Pitching With a Broken Wing
Fidrych spent the next seven years trying to come back from the arm injury, most of that time in the minor leagues. He did get 16 more starts in the big leagues from 1978 to 1980, but was 4-6 with a 5.67 ERA. He last pitched in the Major leagues in 1980. He had one final, glorious start on September 2, 1980, when his Tigers beat the White Sox, 11-2. Fidrych pitched nine innings, allowed two runs (0 earned) and eight base runners.
He also won the final start of his career on October 1, but it was a pedestrian five-inning/four earned run effort that was a victory primarily because he was supported by a good offense. The Tigers won the game 11-7.

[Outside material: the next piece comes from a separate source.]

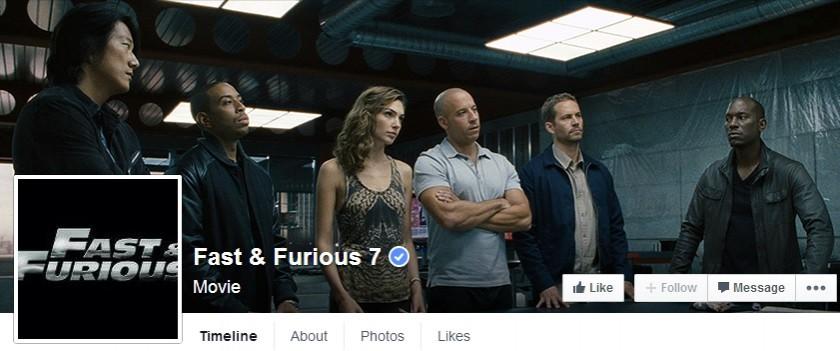 Fast and Furious 7 Fast and Furious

Fidrych never pitched again in the Major Leagues, but did spend three more years in AAA. The first of those years was with Evansville of the Tigers organization, and his final two seasons were with Pawtucket, the Triple-A franchise of the Boston Red Sox. In 254 1/3 innings with Evansville and Pawtucket during these final three seasons, Fidrych was 14-16 with a 6.12 ERA. His career ended at the age of 28.

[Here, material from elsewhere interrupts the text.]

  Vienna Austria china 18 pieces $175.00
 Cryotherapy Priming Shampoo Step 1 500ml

A couple years into retirement, Fidrych learned that he had a torn rotator cuff, which he had tried to pitch through for seven painful years after the initial injury. As mentioned above, the narrative is that Fidrych hurt his knee and altered his mechanics, which led to the injury. That may be true, but his workload has to be considered as well.
If Fidrych’s “dead arm” was due to altered mechanics from the knee injury, you have to wonder how he had been so effective in his first eight starts. During this stretch, he was as good as he’d ever been. He had a 1.83 ERA. It doesn’t appear that anything was wrong. He had also started 37 games in his young career and completed 31 of them, while averaging 8.6 innings and 34.1 batters faced per start, a workload a young pitcher hadn’t endured in more than 30 years. The last time a starting pitcher 21 years old or younger had faced as many as 34 batters per start was 1940, when a young Bob Feller endured that heavy workload. The knee injury in spring training may have been a factor, but the sheer number of pitches thrown by Fidrych in his first year-plus in the big leagues was likely just as a big a factor in his torn rotator cuff.